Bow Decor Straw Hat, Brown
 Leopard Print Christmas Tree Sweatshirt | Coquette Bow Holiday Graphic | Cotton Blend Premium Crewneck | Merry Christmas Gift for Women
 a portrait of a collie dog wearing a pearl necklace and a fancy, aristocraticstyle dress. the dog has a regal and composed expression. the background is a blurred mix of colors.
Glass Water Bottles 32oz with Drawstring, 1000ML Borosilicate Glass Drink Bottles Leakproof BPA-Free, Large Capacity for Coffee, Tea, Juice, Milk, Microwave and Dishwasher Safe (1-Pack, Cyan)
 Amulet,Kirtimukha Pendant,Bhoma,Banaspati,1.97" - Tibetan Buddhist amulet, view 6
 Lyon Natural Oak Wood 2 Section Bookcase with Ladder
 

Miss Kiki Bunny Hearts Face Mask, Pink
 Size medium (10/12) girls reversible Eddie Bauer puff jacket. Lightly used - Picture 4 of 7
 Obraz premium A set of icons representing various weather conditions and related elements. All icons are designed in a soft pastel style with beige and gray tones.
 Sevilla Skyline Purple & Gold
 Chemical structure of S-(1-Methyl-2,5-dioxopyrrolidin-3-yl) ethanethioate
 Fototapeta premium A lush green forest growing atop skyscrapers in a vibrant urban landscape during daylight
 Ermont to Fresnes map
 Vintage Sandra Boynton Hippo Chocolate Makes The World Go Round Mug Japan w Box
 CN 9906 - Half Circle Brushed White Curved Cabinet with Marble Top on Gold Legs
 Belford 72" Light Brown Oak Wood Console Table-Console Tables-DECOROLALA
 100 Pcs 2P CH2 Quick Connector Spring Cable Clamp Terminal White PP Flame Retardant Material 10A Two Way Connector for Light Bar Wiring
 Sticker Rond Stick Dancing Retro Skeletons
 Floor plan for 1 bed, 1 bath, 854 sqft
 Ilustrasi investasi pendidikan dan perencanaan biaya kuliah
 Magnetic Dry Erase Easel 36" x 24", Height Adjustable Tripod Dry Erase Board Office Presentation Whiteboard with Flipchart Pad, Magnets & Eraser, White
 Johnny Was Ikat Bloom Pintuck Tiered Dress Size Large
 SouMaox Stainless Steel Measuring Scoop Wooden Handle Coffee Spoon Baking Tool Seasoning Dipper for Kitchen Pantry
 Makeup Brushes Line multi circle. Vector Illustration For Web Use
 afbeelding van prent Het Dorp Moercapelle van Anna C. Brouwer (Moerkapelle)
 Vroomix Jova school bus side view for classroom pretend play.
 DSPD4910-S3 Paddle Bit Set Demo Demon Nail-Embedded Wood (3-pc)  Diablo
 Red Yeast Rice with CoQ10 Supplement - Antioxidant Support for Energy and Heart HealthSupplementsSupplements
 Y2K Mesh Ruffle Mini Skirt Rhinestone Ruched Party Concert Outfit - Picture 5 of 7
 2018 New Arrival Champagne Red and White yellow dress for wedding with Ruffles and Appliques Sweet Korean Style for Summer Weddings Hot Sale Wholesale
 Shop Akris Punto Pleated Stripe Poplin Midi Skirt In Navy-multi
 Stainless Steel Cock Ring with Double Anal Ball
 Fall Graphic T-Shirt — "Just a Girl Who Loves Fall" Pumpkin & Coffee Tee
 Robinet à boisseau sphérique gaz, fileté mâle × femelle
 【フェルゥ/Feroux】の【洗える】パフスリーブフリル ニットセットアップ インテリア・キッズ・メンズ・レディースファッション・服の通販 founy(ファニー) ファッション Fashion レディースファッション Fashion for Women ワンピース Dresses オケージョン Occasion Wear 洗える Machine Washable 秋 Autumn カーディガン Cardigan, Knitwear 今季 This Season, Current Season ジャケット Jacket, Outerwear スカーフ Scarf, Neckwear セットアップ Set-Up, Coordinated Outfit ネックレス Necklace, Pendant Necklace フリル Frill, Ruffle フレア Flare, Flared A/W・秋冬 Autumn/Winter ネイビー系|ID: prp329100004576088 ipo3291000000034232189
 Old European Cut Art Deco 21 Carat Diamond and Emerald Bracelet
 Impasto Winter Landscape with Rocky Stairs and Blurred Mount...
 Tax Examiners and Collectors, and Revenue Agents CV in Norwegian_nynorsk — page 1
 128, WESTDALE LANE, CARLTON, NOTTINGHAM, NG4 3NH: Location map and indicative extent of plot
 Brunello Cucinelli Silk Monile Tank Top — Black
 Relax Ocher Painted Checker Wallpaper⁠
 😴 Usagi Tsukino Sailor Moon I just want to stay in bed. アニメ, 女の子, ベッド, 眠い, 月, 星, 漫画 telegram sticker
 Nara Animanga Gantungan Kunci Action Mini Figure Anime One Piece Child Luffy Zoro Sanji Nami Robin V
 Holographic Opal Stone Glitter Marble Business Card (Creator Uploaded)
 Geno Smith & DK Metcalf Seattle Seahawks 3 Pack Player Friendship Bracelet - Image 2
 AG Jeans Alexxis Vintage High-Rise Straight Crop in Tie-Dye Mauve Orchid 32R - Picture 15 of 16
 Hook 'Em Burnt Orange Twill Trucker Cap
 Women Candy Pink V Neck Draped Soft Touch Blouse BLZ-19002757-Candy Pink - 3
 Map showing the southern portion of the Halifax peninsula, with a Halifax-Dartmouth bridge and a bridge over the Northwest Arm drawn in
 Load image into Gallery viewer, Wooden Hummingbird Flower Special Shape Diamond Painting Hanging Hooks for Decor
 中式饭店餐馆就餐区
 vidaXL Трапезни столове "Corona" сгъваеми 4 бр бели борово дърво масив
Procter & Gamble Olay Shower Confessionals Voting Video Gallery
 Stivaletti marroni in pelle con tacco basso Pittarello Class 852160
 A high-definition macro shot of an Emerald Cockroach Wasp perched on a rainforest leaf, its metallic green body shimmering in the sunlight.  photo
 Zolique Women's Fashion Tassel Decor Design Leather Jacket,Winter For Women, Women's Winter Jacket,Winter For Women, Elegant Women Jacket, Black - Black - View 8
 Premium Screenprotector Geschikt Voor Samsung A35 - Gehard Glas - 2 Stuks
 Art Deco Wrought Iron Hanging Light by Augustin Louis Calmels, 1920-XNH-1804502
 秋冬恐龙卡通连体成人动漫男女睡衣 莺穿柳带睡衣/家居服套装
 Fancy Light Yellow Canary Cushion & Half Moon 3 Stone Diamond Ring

################

WHAT YOU WILL DO:
Reproduce exactly the lines of the records above from the one with "afbeelding van prent" to the one with "2018 New Arrival", both included, and leave out everything else.

EXERCISE RESPONSE:
 afbeelding van prent Het Dorp Moercapelle van Anna C. Brouwer (Moerkapelle)
 Vroomix Jova school bus side view for classroom pretend play.
 DSPD4910-S3 Paddle Bit Set Demo Demon Nail-Embedded Wood (3-pc)  Diablo
 Red Yeast Rice with CoQ10 Supplement - Antioxidant Support for Energy and Heart HealthSupplementsSupplements
 Y2K Mesh Ruffle Mini Skirt Rhinestone Ruched Party Concert Outfit - Picture 5 of 7
 2018 New Arrival Champagne Red and White yellow dress for wedding with Ruffles and Appliques Sweet Korean Style for Summer Weddings Hot Sale Wholesale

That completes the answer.